Multimodal Foundation Models

Vision–language pre-training, instruction tuning, emotion reasoning, efficient adaptation.

Embodied / Robotic Intelligence

Language-conditioned navigation, sim-to-real transfer, multimodal sensing, human-aware planning.

Intelligent Transportation

City-scale traffic-video analytics, driver-state monitoring, route-level risk prediction, mobility simulation.

Professional Experience

Assistant Professor (UW, Dec 2024 – present); Project Scientist (CMU, 2022–24); Research Associate (CMU, 2017–19)

  • Assistant Professor, University of Washington (Dec 2024 – present)

    • Teach AI/ML and Computer Graphics courses; supervise research-driven student projects.
    • Spearhead MF-Lab research in large-scale multimodal AI for robotics and transportation mobility analytics.
    • Graduate Faculty; collaborate closely with UW Traffic Center & the Paul G. Allen School.
  • Carnegie Mellon University — School of Computer Science, LTI (2017 – 2024)

    • Project Scientist / Instructor (2022-24): Taught “11-775 Large-Scale Multimedia Analysis” course with Prof. A. G. Hauptmann; technical lead for DARPA KAIROS & KAIROS-Plus projects.
    • Post-doc (2019-22): Advanced video-language representation & event extraction with Prof. T. Mitamura & Prof. A. G. Hauptmann; orchestrated multi-lab KAIROS integration.
    • Research Associate (2017-19): Under Prof. A. G. Hauptmann's guidance, built large-scale multimodal event analytics for NIST PSIAP & IARPA DIVA.
  • Research Assistant, City University of Hong Kong (Dec 2016 – Nov 2017)

  • Industry Experience

    • Meta AI — External Consultant (2025 – present): accelerating multimodal foundation models and generative agents.
    • Microsoft Research — Human-Action AI Intern (2019).
    • Google Brain — AutoML Intern (2018), mentored by Dr. Quoc V. Le.
    • Alibaba DAMO Academy — Research Scientist (2015–2016), mentored by Prof. Xian-Sheng Hua; contributed to development of multimodal recommendation and retrieval systems including Pailitao and click-and-buy platforms.

Selected Publications

2025 Emotion-LLaMA – NeurIPS 24
  • Cheng et al. Emotion-LLaMA – NeurIPS 24; first multimodal LLaMA for emotion reasoning.
  • Oh et al. Calibrated Robust Fine-Tuning – NeurIPS 24; boosts VL-model reliability.
  • Li et al.

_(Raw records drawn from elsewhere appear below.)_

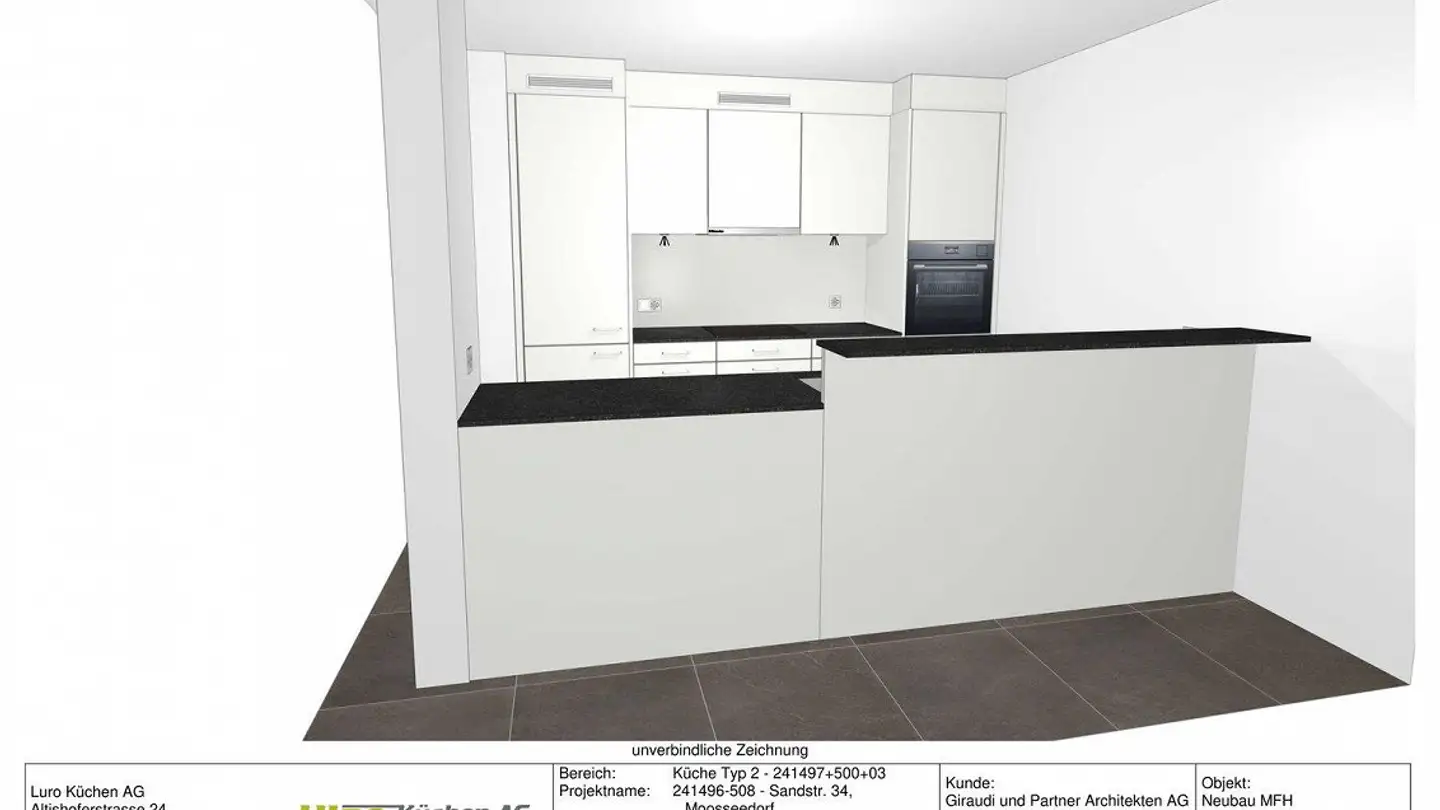 Appartement à louer - Sandstrasse 34, 3302 Moosseedorf - Photo 3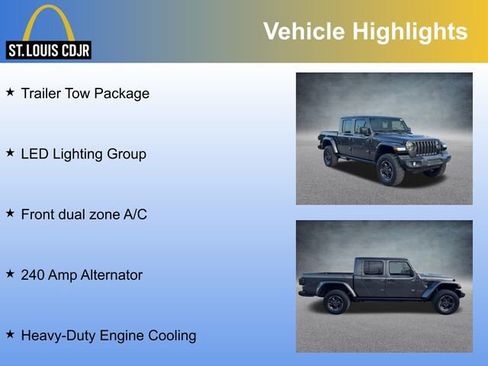 Used 2022 Jeep Gladiator Rubicon w/ LED Lighting Group image 16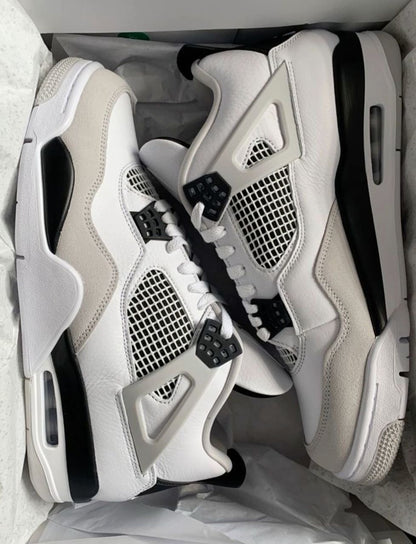 Air Jordan 4 black military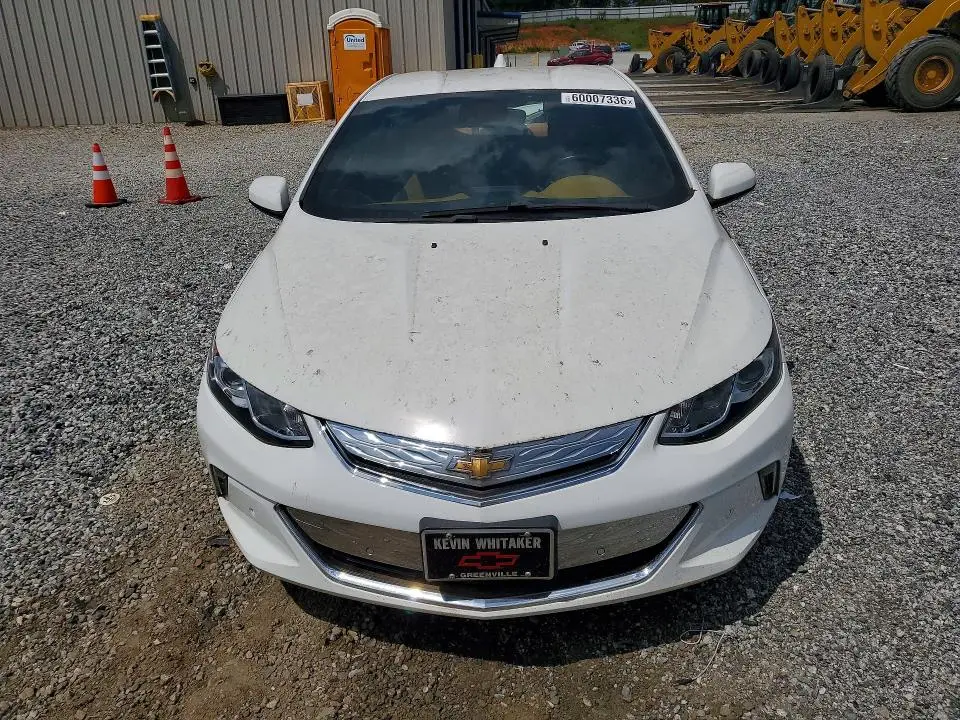 2018 CHEVROLET VOLT PREMIER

Human-Aware VL Navigation – NeurIPS 24 Spotlight; bridges sim‑to‑real robot navigation.
  • He et al. MetaDesigner – ICLR 25; LLM‑driven artistic text design; WordArt API > 1 M calls.
  • Wang et al. Dataset Distillation via DF – CVPR 25; efficient data‑distillation that accelerates model training.
  • Tu et al. StableAnimator – CVPR 25; high‑quality ID‑preserving animation.
  • Imrattanatrai et al. Video-Grounded Dialogue – AAAI 25 Oral; new dataset and metric for event‑driven QA.
  • Xiang et al. POPoS – AAAI 25; efficient facial-landmark detection.
  • Hasegawa et al. ProMQA – NAACL 25 Oral; multimodal procedural QA dataset.
  • Huang et al. DyRoNet – WACV 25; dynamic routing for streaming perception.
  • Jiang et al. UCDR-Adapter – WACV 25; cross-domain VL retrieval.
  • Oh et al. BlackVIP++ – TPAMI 25; black-box visual prompting.
2024 MotionEditor – CVPR 24
  • Tu et al. MotionEditor – CVPR 24; content-aware diffusion editing.
  • Fang et al. PROS – CVPR 24; prompt-to-simulate retrieval.
  • Zhu et al. DCPT – ICRA 24; night-time UAV tracking.
  • Xu et al. FaceChain‑ImagineID – CVPR 24; high‑fidelity talking faces for digital humans; 9 k★ GitHub.
  • Zhou et al. BlockGCN – CVPR 24; topology-aware action recognition.
  • Cheng et al. Shield – EMNLP 24 Oral; LLM supply-chain analytics.
  • He et al. WordArt Designer API – NeurIPS ML4Creativity 24 Spotlight; Best Demo Award.
2023 Implicit Temporal Alignment – ICCV 23 Oral
  • Chen et al. HDFormer – IJCAI 23; compact SOTA 3-D pose.
  • He et al. DAMO-StreamNet – IJCAI 23; streaming perception.
  • Tu et al. Implicit Temporal Alignment – ICCV 23 Oral; VDN winner.
  • Cheng et al. ChartReader – ICCV 23; rule-free chart de-rendering.
  • He et al. WordArt Designer – EMNLP 23; first LLM typography API.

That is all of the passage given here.